Oregon: Sam Roxa-Chua holding writer’s group for adoptees

writer-fistIn 2001-2002 I spent some of the best times of my life in Eugene, Oregon. I originally went out there for two weeks to visit my bastard buddy Al, an LDA. Al was having back surgery, and it seemed liked a good time to visit since he was going to need some help. Besides, I’d missed him terribly since he’d left Columbus.

Two weeks turned into 8 months.
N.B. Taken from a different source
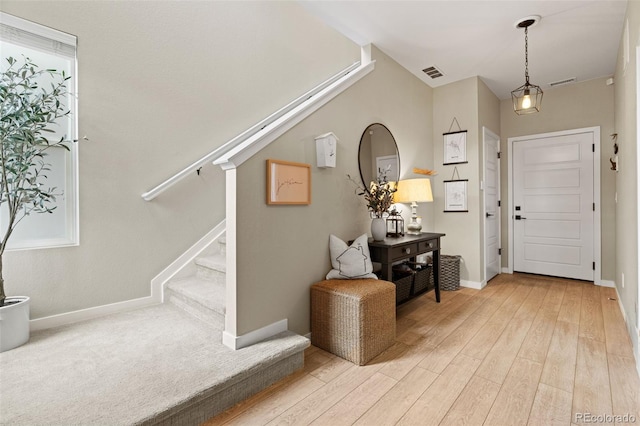 foyer entrance with hardwood / wood-style flooring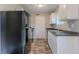 Functional kitchen featuring stainless steel appliances, gray countertops, and white cabinets at 8670 Brandon Hill Ln, Jonesboro, GA 30238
I spent my time hanging out with Deadheads,  the homeless, and UO history grad students at Rennie’s Landing,  I went to a couple free conferences, protested the invasion of Afghanistan,  met Annie Sprinkle, wandered downtown a lot, attended Ken Kesey’s funeral at the McDonald Theatre, ate huevos rancheros for breakfast twice a week, even in Februray, on the patio of a E.13th Street Mexican restaurant.  I  read a lot of adoption and feminist books, (indoctrinated myself with bell hooks, but had to put down Judith Butler ), spent a lot of money on things I didn’t need. Mostly books. I had money back then. I’d accumulated so much stuff that when I came home after 8 months I had to ship about 25 cartons to Columbus. It was crazy. Living in Eugene was like living in Russia. No sense of time or common.
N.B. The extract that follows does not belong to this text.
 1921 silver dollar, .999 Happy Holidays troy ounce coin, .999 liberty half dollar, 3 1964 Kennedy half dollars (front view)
Al and Bastardette, E 13th Street Starbucks, Summer 2001

Al and Bastardette, E 13th Street Starbucks, Summer 2001

It was also fun to live in a free state–that is, a state that respected and restored the rights of all adult adoptees to their OBCs. Unfortunately, Al’s OBC was sealed up in New Jersey. As Executive Chair of Bastard Nation I’d played a small part in that Oregon sea change. The real credit, though,  goes to Helen Hill, Shea Grimm, Ron Morgan, and the beautiful bastards, birthparents, adoptive parents and the  Oregon public who made it happen.

What does this have to do with today’s #flipthescript?

Sam roderick roxas-chua

Sam Roxas-Chua

This morning I was very excited to read that Eugene poet/write, artist and adoptee Sam Roxas-Chua, (and here) is offering a 5- week writing group for adoptees to “explore how writing can live alongside our journeys as adoptees.”

Before 1996 when the politics of adoption took over my life with the founding of Bastard Nation, I wrote poetry. A lot of it. I was known by some as “a rock n roll puss in boots.”  I even  had a poetry band, Cows in  Flight. Adoption politics killed my poetry and a lot of other creative pursuits, but if I were back in Eugene, I’d be beating down Sam’s door to join this group. And if Bastards deserve anything besides our rights, it’s good poetry.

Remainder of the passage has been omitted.